When a will has been witnessed and notarized, the author’s cause of death becomes mostly irrelevant. Suicide does not affect how a person’s belongings are distributed so long as they were considered “of sound mind” when they declared how they want their estate to be handled. Suicide exclusion clauses are specific circumstances outlined in an insurance policy that exclude coverage for suicide-related deaths.
But that does not mean that suicide is an entirely uncontentious topic in estate planning. When a person kills themselves shortly after amending their estate plan, for example, the argument could be made that they were not of sound mind. If someone wanted to challenge a will changed shortly before the will’s author died by suicide, they may win.
Furthermore, insurance companies have strict suicide exclusion clauses that limit or forbid a payout in cases of suicide. This can have a considerable impact on a person’s estate plan: certain life insurance policies are voided if the policyholder died by suicide within the first year or two of the policy. Even more controversially, health insurance policies might not always cover the medical bills associated with suicide.
The lingering stigma surrounding mental health issues, suicidal ideation, and the topic of suicide has changed over the years, to the point that courts are more comfortable challenging suicide exclusion clauses. Yet while trends are changing, it remains essential for individuals to seek proper legal and financial advice to avoid potential conflicts in their estate plan.

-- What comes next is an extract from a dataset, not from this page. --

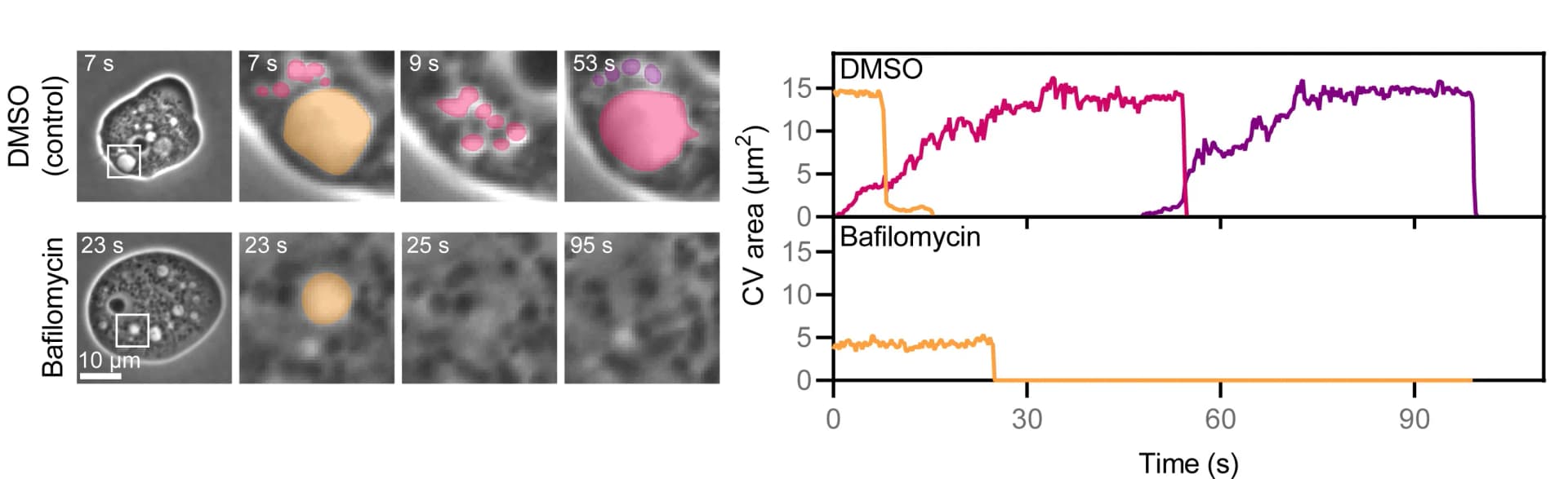 Open access visualization of Line Plot, Microscopy, Cells, Vacuolar-type H+-ATPase Inhibitor, Bafilomycin A1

The probate process itself is largely unchanged in the case of a suicide, unless there was reason to believe that the deceased lacked the mental capacity to make certain changes to their estate plan in their final days, if any last-minute revisions exist.

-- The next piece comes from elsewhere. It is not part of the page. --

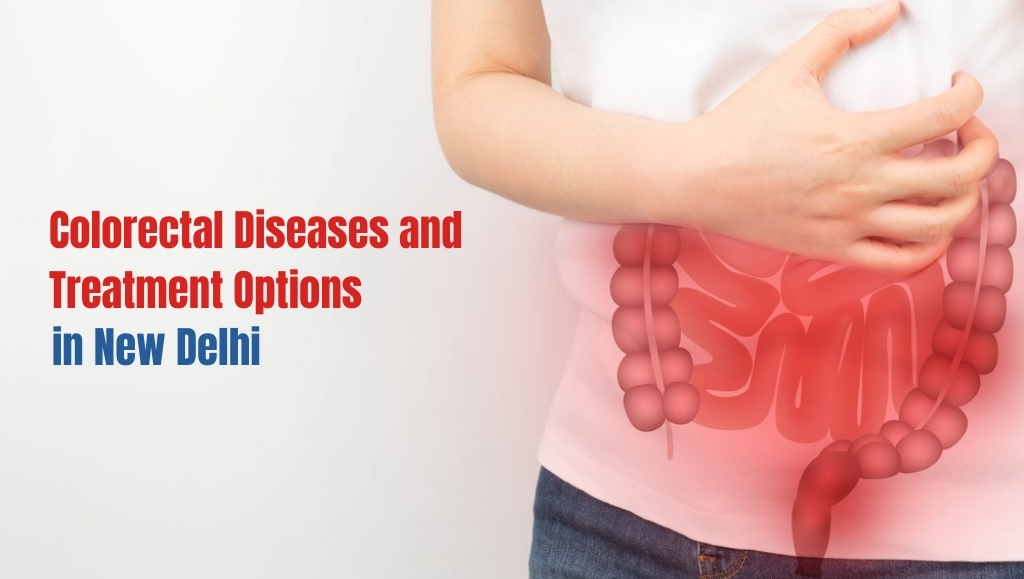 ⁠All you need to know about Colorectal Diseases and their Treatments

Unlike the common slayer rule, which stops a person’s murderer from inheriting from them, there are no such considerations in cases of suicide, where it was the decedent’s own will to end their life.
The same goes for trusts as it does for wills. Suicide does not alter the provisions of a trust, nor does it change a trustee’s fiduciary duties to both the trust’s grantor and its beneficiaries.
Suicide exclusion clauses exist for life insurance policies and health insurance policies. In the case of life insurance, the official explanation is that insurance companies do not want to incentivize suicide, and want to discourage fraud.
In cases of health insurance, many insurance companies see suicide in the same vein as self-inflicted injuries or risky behavior, where a bone broken through paragliding would not be covered by insurance because it was “intentionally self-inflicted”. These exclusions are called source-of-injury exclusions.
In most states, the suicide clause of a life insurance policy must be limited to the first two years of the policy’s timeline, in Colorado, Missouri, and North Dakota, this exclusion period is reduced to one year.
This means that if a policyholder enters into a life insurance plan with an insurer, and dies by suicide after the exclusion period, they are still entitled to a death benefit. However, if they die by suicide before the exclusion period ends, the insurer may void the policy, and decline to pay a death benefit to the beneficiaries.
Health insurance companies often consider suicide to be a form of self-inflicted injury, and may decline to provide coverage for medical costs in the event of a suicide. These aren’t typically known as suicide clauses, as they are expanded to cover other forms of self-injury or risky behavior where the insured assumed certain risks.
Insurance experts and government policy experts alike argue that suicide clauses are unlawful, especially in health insurance policies, due to existing Health Insurance Portability and Accountability Act (HIPAA) rules.
HIPAA rules state that employment-based health plans cannot discriminate against individuals with certain medical conditions such as diabetes or depression. This means that insurance companies could be forced to pay for medical bills in the event that a person with depression dies by suicide, even if the mental health condition was not diagnosed before the injury, as made clear by a spokesperson for the Department of Labor.
Nevertheless, time and time again families find themselves saddled with hospital bills they did not expect to have to pay after their insurer declined to cover the expenses due to a suicide clause.
These clauses are standard in the health insurance business and may be an important point of consideration for families settling their loved ones’ estate after suicide. Medical costs can be exorbitant, and lack of coverage can deal a serious blow to a family’s savings.
You can take the matter to court – but whether you will win depends on current state law, as well as the circumstances of the suicide, the decedent’s mental health status, whether they were being treated for their condition, and the insurance company’s policies.
The same goes for life insurance suicide exclusion clauses. While they remain the norm, they have been successfully challenged based on discrimination against mental illness, ambiguity and enforceability, and the reasonable expectations of the insured.
Mental health issues often remain an unspoken taboo, which can make getting diagnosed difficult, let alone getting proper treatment. Suicide remains one of the leading causes of death in the country, leaving countless people potentially uninsured for their final medical bills, or bereft of their death benefits.
Multiple courts have successfully ruled in favor of the plaintiff in cases where families sought to overturn a suicide exclusion, yet it’s an evolving situation. Only time will tell whether these exclusions will be found unjust or necessary in the future. If you have other questions on the topics of estate planning, be sure to contact a local professional. Laws change, and new cases can set a precedent for future circumstances.